He handed over newspapers that subscribers had requested and stopped to chat with a middle-aged couple in front of the store.
“Vorskla is like a statue, a monument. We’ve been reading it since we were children,” Natalya, a nurse, said. “We buy every issue so that one day we can show our children and grandchildren what the war was like.”
As he drove Oleksii took photos and videos of local buildings. He publishes the footage on Vorskla’s website. This is one of the newspaper’s most popular services. It is how those who have fled find out whether their houses are still standing.
Finally, he turned towards the bombed-out editorial office to check if everything was in order.
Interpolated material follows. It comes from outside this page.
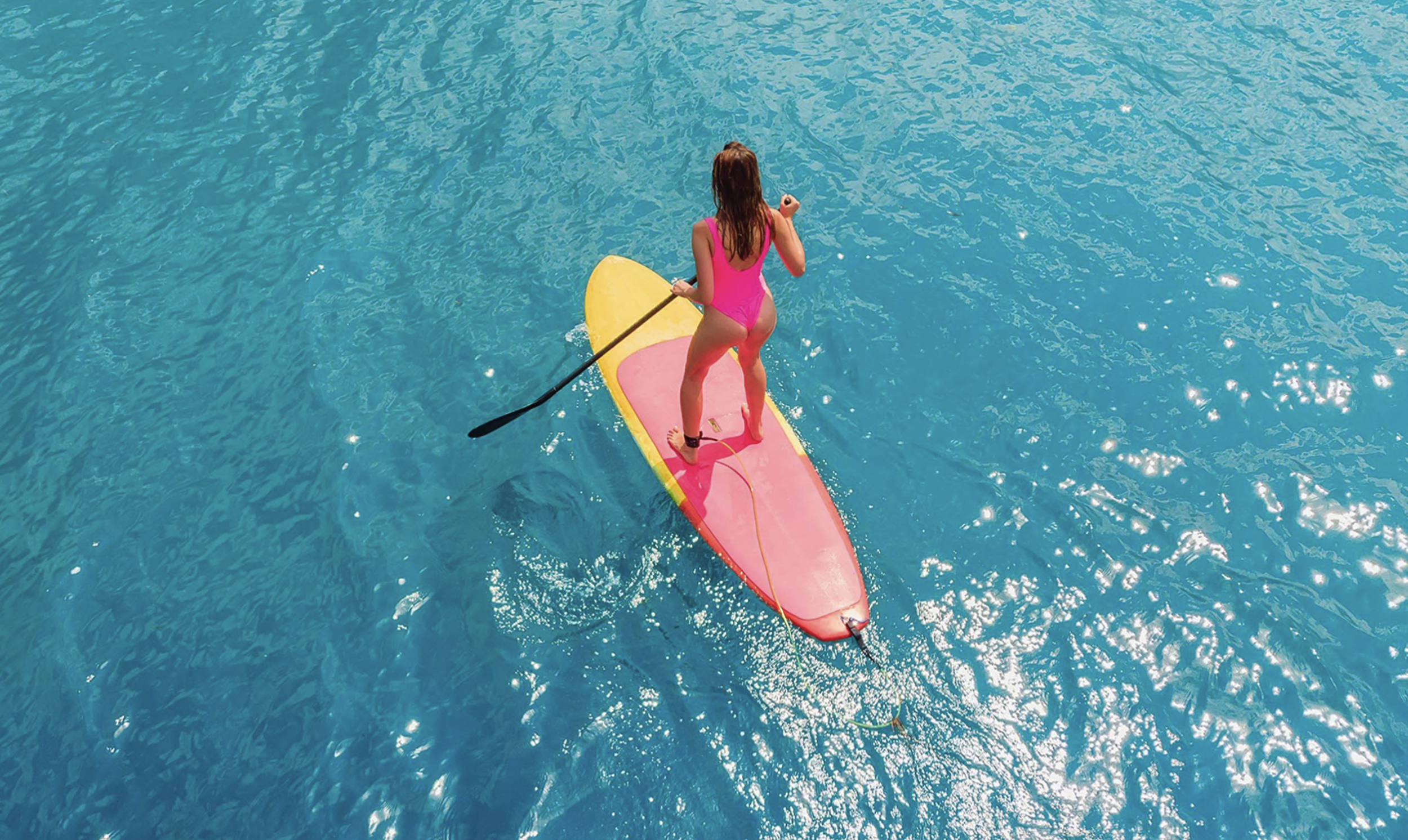 A woman in a pink swimsuit stands on a Stand Up Paddle Board in clear blue water at Coral Cove.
The post office next door had been hit, the middle of the three-story building – like the internal organs of a huge animal – spread out on the asphalt.
The blast also blew out the windows of Vorskla’s office in the neighboring building. Yellowing papers and glass shards littered the floor of the former editorial office, and the icy wind made the curtains dance.
Until 2014, Vorskla published articles in a mix of Ukrainian and Russian, and it was up to the author which language they published in. This gradually changed after the occupation of Crimea and the eastern Ukrainian territories, and now they write exclusively in Ukrainian.
“There will be no more Russian. We cut that off,” Oleksii said. “We used to go to Russia for petrol, and they used to come to the market for food.”
“Some went to school here, some got married there. When the invasion broke out, we still got phone calls from them. They warned us to be careful.”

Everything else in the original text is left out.